When it comes to writing about and promoting others, PR professionals excel. When it comes to writing about and promoting themselves, PR pros can struggle just like anyone else.
You'd think writing about yourself would be easy. No one knows you better than yourself; your strengths and weaknesses, successes and goals. And yet, writing a professional bio for oneself can be a daunting exercise. Mistakes can be made.
Many people want to showcase their achievements without sounding like an egotistical maniac. The best bios seem to find a balance, weaving storytelling with supplemental facts, instead of running down a list of every position and award someone has earned. Anyone can search Google to find a LinkedIn Profile or resume. A great bio will elevate those facts into easy-flowing prose.
PRNEWS asked veteran communicators about what to include in a winning professional bio.
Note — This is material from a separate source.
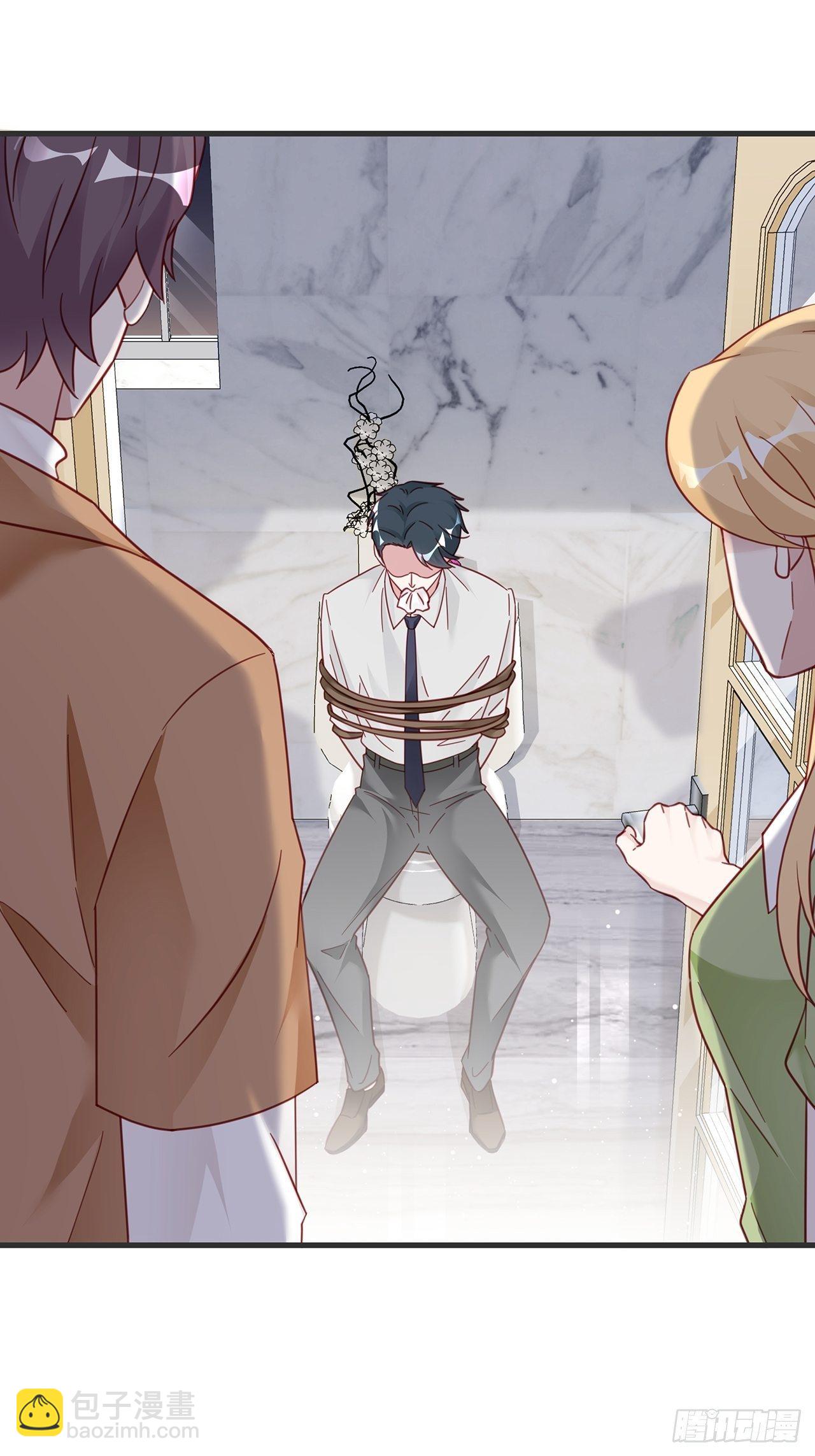 024 影帝们开始飙戏了！(1/2)-第27话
Show Your Service: “I'd say that it's important to note community and board service to showcase areas where you are applying your leadership and experiences outside of your day-to-day role,” said Leslie Pitterson, global communications and public affairs at Google. “It's also good to consciously pull through the storyline of what's driven your career path—it helps to provide insight into how you make decisions and the kinds of challenges you gravitate toward.”
Keep it Professional: “Your professional bio should be ultimately, professional,” said Liz Allen Martin, VP, communications at G/O Media. “I don't need to know what college you went to, which section of Brooklyn you live in, or your dog's name. There are certainly companies or industries with a bit more personality where this can absolutely work, but generally these areas can be cut if you're looking to shrink your bio.”
And Erica Smith, account manager with Porter Novelli, adds a very important point about sharing too much personal information.
“Leave off your relationship status (i.e. single, married, divorced) unless it directly ties into the work that you do.”
Find Your Voice: “It's less about what accomplishments and credentials you include (those are all on your resume) and more about the picture your bio paints about who you are, your personality, your energy, and how you communicate,” said Eric Yaverbaum, CEO, Ericho Communications. “Your bio is an opportunity to show that you can tell a story (in this case, your own), effectively communicate abstract concepts, capture an audience, and make people interested in what you're saying. So talk about what you're passionate about, what excites you, what makes you different, and most importantly, do it in a way that sounds like you.”
Write for Your Audience: “If you have the option, always think of your audience and who (the bio) is tailored for as that audience is likely more interested in hearing/seeing things most relevant to them that you've had experience with,” said Scott Dobroski, senior director, corporate communications at Glassdoor. “For instance, your professional bio may be slightly different for your LinkedIn profile, versus for a group of students you are speaking to or a set of customers.”
Avoid Generic Phrases and Buzzwords: “If you specialize in everything, you specialize in nothing,” said Jonathan Rick, president, The Jonathan Rick Group and adjunct professor of business writing at University of Maryland. Rick was referring to bios that include long lists of specialties and general expertise, such as “marketing powerhouse.” As Rick said,“Boasting is best when validated by a third party," such as an award from Forbes Magazine or PRNEWS. "Otherwise, you’re just another self-proclaimed guru in a field that’s long on salesmanship and short on specifics.”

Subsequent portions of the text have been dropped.